Outside the UK, LafargeHolcim donated construction materials to build emergency field hospitals in many of its markets, including countries like the US, Qatar, extending to China where the Group helped build one that was set up in just ten days.
India - Reaching out to those who need it most
Two months ago Deepak Paswan left his home town in Jharkand to find work as a carpenter in Karnataka, 15,000 km away. He had worked for ten days when the virus broke out, leaving him stuck in Karnataka, unable to return home. “Those were black days for me,” Deepak says, adding: “I couldn’t even afford the basic things of daily life.” Deepak isn’t alone. More than 300 migrant workers are stranded in Wadi.
In the face of this difficult situation, volunteers of LafargeHolcim’s ACC Trust have stepped in to help the migrant workers, daily-wage earners and people under quarantine, distributing thousands of cooked food packets and food grains packets, containing rice, sugar, oil, salt and spice powder. The efforts are coordinated by 43-year old Peddanna Beedala, who works with a team of ten. “
ACC and LafargeHolcim have always been at the forefront of efforts to support local communities particularly in response to natural disaster emergency situations. I feel proud to be a part of this organization,” Beedala says. ACC has so far distributed over 28,000 cooked food packets and distributed over 17,000 food grain packets across the country.
Zimbabwe: Using facts to protect people’s health
“Most people believed Africans couldn’t get the disease!,” says Causewell Mudzingwa, a volunteer for SHEQ Ambassadors, one of the community-based organizations that Lafarge Zimbabwe partnered with to help spread awareness around COVID-19. “There is a lot of false information, particularly on WhatsApp and Facebook,” she explains.
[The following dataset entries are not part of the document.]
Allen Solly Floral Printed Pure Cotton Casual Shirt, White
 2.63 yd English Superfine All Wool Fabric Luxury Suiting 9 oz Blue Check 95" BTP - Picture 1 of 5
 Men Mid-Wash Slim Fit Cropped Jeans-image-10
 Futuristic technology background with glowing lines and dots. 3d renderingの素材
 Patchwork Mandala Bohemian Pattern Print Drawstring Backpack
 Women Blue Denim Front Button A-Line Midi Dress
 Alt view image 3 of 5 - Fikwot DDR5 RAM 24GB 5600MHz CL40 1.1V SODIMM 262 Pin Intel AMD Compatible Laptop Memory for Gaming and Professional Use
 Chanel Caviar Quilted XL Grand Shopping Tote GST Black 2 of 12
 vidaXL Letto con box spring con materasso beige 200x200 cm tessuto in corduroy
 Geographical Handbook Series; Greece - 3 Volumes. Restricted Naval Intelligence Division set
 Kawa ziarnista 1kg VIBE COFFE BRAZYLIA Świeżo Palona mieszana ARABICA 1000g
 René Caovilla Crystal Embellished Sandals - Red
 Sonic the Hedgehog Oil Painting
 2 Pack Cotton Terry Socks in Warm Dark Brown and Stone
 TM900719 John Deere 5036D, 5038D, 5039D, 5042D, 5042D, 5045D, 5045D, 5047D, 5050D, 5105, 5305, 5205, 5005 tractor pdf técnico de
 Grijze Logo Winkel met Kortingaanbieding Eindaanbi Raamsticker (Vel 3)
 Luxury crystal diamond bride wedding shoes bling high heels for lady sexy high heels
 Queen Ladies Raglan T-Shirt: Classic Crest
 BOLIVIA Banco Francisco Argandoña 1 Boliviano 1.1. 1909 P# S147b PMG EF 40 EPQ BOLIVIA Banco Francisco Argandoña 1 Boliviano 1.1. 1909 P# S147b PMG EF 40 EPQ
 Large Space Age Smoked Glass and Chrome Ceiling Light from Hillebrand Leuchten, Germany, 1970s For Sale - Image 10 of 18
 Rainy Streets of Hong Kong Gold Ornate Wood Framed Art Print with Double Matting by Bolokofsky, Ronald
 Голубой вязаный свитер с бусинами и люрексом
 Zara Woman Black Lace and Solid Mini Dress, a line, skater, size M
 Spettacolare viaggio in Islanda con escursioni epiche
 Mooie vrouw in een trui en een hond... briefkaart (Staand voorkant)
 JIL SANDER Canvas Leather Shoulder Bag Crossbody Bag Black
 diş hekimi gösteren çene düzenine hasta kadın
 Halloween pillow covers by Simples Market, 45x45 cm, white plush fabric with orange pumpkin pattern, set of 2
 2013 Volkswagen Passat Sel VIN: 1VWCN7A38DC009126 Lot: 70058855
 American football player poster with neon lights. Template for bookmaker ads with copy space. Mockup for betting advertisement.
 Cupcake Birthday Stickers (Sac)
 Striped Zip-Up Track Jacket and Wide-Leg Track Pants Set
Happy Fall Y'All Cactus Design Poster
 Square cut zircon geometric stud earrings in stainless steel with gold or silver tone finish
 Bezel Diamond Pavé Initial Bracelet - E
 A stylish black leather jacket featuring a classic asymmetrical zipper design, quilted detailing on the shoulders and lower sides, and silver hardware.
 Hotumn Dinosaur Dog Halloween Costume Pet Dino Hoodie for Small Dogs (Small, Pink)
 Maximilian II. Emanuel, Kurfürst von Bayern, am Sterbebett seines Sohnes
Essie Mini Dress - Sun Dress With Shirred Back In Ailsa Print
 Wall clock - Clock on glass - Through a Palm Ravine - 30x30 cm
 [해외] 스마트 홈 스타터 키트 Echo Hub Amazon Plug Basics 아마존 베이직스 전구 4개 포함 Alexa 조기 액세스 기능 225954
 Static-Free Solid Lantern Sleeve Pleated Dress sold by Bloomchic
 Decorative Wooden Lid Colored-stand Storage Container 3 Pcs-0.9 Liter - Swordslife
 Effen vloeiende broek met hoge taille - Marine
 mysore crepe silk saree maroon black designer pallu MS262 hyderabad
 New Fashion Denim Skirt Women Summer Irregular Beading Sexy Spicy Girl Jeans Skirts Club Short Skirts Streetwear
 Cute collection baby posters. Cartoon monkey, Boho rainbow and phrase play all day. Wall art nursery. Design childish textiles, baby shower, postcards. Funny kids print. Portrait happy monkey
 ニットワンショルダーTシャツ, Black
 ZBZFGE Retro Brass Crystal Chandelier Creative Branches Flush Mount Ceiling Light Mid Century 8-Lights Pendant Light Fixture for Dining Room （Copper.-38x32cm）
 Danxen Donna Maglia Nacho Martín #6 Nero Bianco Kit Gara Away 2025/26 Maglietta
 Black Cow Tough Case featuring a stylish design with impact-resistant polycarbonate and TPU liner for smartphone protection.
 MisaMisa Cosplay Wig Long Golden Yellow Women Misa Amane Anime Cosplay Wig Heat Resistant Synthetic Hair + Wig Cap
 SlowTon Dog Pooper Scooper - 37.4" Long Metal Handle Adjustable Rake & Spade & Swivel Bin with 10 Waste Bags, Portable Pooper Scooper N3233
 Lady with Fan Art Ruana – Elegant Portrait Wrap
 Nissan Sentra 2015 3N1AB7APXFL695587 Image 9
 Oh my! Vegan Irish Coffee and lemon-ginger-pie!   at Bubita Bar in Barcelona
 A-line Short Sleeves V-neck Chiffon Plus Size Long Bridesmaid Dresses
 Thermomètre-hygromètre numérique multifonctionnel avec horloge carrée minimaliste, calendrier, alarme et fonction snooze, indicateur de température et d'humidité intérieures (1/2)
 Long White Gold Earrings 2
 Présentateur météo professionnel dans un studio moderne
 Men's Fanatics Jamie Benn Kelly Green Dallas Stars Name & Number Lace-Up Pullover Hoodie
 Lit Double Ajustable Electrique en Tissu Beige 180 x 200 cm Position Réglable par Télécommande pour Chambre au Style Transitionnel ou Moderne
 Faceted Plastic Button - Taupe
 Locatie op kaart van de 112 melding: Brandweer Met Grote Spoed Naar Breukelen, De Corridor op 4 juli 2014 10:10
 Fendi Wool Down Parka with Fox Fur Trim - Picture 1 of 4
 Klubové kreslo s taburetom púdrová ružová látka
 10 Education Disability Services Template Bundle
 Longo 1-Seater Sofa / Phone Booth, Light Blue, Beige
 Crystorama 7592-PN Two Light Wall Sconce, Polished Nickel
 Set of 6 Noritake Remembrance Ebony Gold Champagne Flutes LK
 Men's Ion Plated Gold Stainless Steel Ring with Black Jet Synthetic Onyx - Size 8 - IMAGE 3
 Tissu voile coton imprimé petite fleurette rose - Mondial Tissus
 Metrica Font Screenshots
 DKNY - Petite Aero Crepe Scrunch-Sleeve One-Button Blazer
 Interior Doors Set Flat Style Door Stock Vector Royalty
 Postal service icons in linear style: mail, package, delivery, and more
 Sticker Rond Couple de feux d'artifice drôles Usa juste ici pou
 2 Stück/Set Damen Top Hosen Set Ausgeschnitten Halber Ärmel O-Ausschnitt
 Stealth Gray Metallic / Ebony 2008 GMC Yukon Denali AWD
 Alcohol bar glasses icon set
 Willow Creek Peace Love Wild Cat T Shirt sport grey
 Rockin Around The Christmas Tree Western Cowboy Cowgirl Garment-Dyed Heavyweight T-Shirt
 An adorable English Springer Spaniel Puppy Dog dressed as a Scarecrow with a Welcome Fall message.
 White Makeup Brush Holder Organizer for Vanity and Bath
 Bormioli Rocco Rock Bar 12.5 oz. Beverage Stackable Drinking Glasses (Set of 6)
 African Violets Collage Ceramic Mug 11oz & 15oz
Lafarge Zimbabwe developed a resilience campaign named Sensitization, Supply and Sustain to reach the 23,000 people around its operations.
Causewell and other volunteers have put up hundreds of posters, engaged the community in face-to-face discussions and used those same digital channels (such as WhatsApp) to share accurate information.
“It’s a proud moment for me when I hear community members correcting each other on COVID-19 facts, or reminding one another to wear their masks,” says Causewell.
So far no case of COVID-19 has been reported in Causewell’s community, but given the speed of the pandemic it’s important to stay vigilant. “Information has reduced fear,” Causewell says. “People feel empowered because they know how to protect themselves.”
Argentina - A strong dose of entrepreneurship to fight COVID-19
Camila Vargas and Federico San Martín were busy studying in Córdoba, Argentina, when it became clear that COVID-19 was going to disrupt daily life.
As Camila, a student of industrial design at the Faculty of Architecture, Design and Urbanism, followed the devastation in Ecuador and Peru, she worried, "What will happen to us?" Federico, a student of Technology Education at the Instituto Superior de Profesorado Tecnológico, said, "Prevention is more important than anything else.
With the main focus on protecting health workers, the two students took an entrepreneurial approach to work by pooling resources, networks and ideas to make and donate face shields. The companies only needed to pay for the materials and allocate where the masks should be delivered.
The adjustable tape on the masks is made from polylactic polymer (PLA) and is produced through 3D printing at a local innovation lab, Synergia Educational Services.
Holcim Argentina joined from the start. "We wanted to join this initiative to help protect our health workers, but also to encourage the entrepreneurial spirit that makes us stronger in the face of the outbreak," says Maria Belen Daghero, Head of Sustainability and CSR at Holcim Argentina. Camila and Federico delivered 500 masks to hospitals across Argentina before the laboratory had to close due to the lockdown. Camila is convinced: "The best reward for what we have done is that people wear the masks and are protected.